Richard James Wyatt (1795-1850) was born at 360 Oxford Street, London, next door to the celebrated Pantheon. He was the son of Edward Wyatt, a carver and gilder who had worked for both George III and George IV, and who was related to the important Wyatt dynasty of architects: Edward was a first cousin once removed of James Wyatt (1746-1813), who had designed the Pantheon., and a second cousin of Jeffry Wyattville (see Goodman 15). The young Richard James soon showed artistic talent too. Having trained first with his father and then shone at the Royal Academy Schools, he was still in his twenties when invited to work in Rome at the studio of Antonio Canova. Here he honed his skills alongside John Gibson, moving on with Gibson to the studio of Bertel Thorvaldsen when Canova died. He opened his own studio in Rome, settling permanently there, returning to England only once, in 1841.

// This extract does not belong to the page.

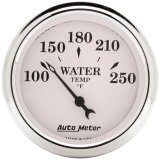 AutoMeter Gauge Water Temp 2-1/16in. 250 Deg. F Elec Old Tyme White thumbnail 3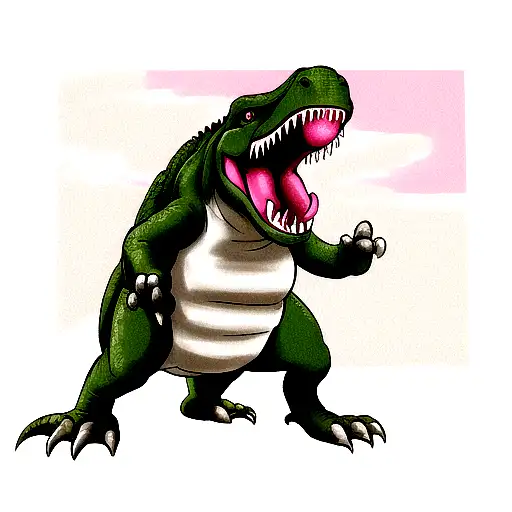 dinosaur tattoo design idea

Despite living in Rome, Wyatt "continued his family's tradition of royal patronage" (Marsden 149), producing four life-size marble statues for Queen Victoria, starting with Penelope with the Bow of Ulysses (1844). This had been commissioned by Prince Albert. Gibson, a lifelong friend as well as competitor, was full of praise for these works: "no sculptor in England had produced female statues to be compared to those of Wyatt" (qtd. in Marsden 149). Wyatt also exhibited regularly at the Royal Academy and was well represented at the Great Exhibition. Indeed, next to Gibson he had the most works on display in the Courts of Modern Sculpture, with ten works to Gibson's fifteen (see Read 37). For some of these he won silver medals, and in addition "was awarded one of the four first-class gold medals retrospectively" ("Details of Sculptor").

Wyatt's obituary in the Art-Journal suggests that his life was uneventful: "The incidents of his life were the works which he perfected on his own account as he advanced in experience, and each according to its degree of merit was one of the greater or less landmarks of his career" (249). Walter Bell Scott too described him "unobtrusive, retiring and studious" (70), prodigiously industrious, and totally committed to his art.

Wyatt seemed strong and resilient, and his unexpected death in his mid-fifties occasioned some debate:

It was difficult to determine the cause of Wyatt's decease. The woman who paid a daily visit to attend to his rooms, entering by her own key at six in the morning of the 28th of May, 1850, found him lying insensible on the floor of his bedchamber. She ran for Mr. Freeborn, the consol, and he, with Dr. Pantaleone and his brother-sculptor, Spence, were soon there; but he never spoke again, and at ten o'clock he ceased to breathe. He was still strong, and in excellent health; but it has never been thought that his death was occasioned by himself. It was said he had no cares whatever, but it was found he had received notice to leave his studio, which was to be taken down; and this passing trouble to a man of his temperament had afflicted him greatly. (Scott 72)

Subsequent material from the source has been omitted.